JP Hogan died recently, and it's sad that it means there probably won't be more of these stories of these people and their trip to another world for the first time in human history, but it's a pretty optimistic way to leave the fans, I think. We really can make things better.

Tuesday, July 13, 2010

Dragongirl by Todd mccaffrey


I didn't want to hate this one, but I came very close. It was so hard to read. So very very hard. It took me longer to get through than almost any other book I've read-- I think the only thing I can remember suffering through with such a grim stubbornness was, like, Sphere, which I did wind up hating by the end. That one took me nine months to read. This one only took about three, and I read about four other books in the meantime, trying to escape it.

See, I gre up on the Pern books. They were the first adult books I read, after a ha dful of Victoria Holt novels that I quickly lost interest in, and I've followed the series since. When I turned sixteen, my dad gifted me with the whole series up to that point, and it's one of my favorite memories of that timeframe. All Anne McCaffrey's books affected me the same way-- they aren't the most literary scifi, or the most rigorously scientific, and they're often just thinly veiled romances, but they were interesting and complex and open minded and adult, and they always got me emotionally involved in the characters.

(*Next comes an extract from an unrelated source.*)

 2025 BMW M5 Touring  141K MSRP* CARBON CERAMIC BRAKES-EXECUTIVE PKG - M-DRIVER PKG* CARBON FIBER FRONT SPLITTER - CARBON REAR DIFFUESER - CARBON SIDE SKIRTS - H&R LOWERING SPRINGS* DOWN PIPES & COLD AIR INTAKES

This one though, one of Todd's solo ones... It was like beating myself In the face with bad fanfic a lot of the time, and it was like a bad idea of making it into kid lit, but still letting polyamory be okay. It happens at a time in Pern history when we know things are going to end up pretty desolate, too. And worse of all, it sort of steals Lessa's thunder by making her less rare, and preempting some of the daring things she has done / will do. It makes her seem woefully undereducated. Which makes me very sad.

And then it suddenly gets pointed, the characters suddenly differentiate, the writing clarifies and makes morse sense, and it feels like a Pern book, not a poorly-made imitation of one. That's how it should have been all along. It was so refreshing and life affirming to get through that whole mess and find a good and stirring ending, but it was too little, too late... But it piqued my curiosity about the next book, which has no excuse not to be good after 300- odd pages of set up from this book.

Digital domains edited by Ellen datlowl


This is exactly what an anthology is for: a taste of what's out there, and a good sampling of different styles and takes on a variety of topics. There's fifteen stories in here, and all of them are amazing. I sobbed lIke a baby during The Monkey King's Daughter, I felt like I was dreaming during Pansolapia, I was sucked in to each and every story. And there's one from Kelly Link and one from Andy Duncan, and both are excellent writers. Best of all, there's a feeling that the stories, thought all very different, all lean toward the same ending feeling, that they all want to change around the furniture inside your head. It's exactly why I love anthologies, and it's exactly why I love Datlow anthologies.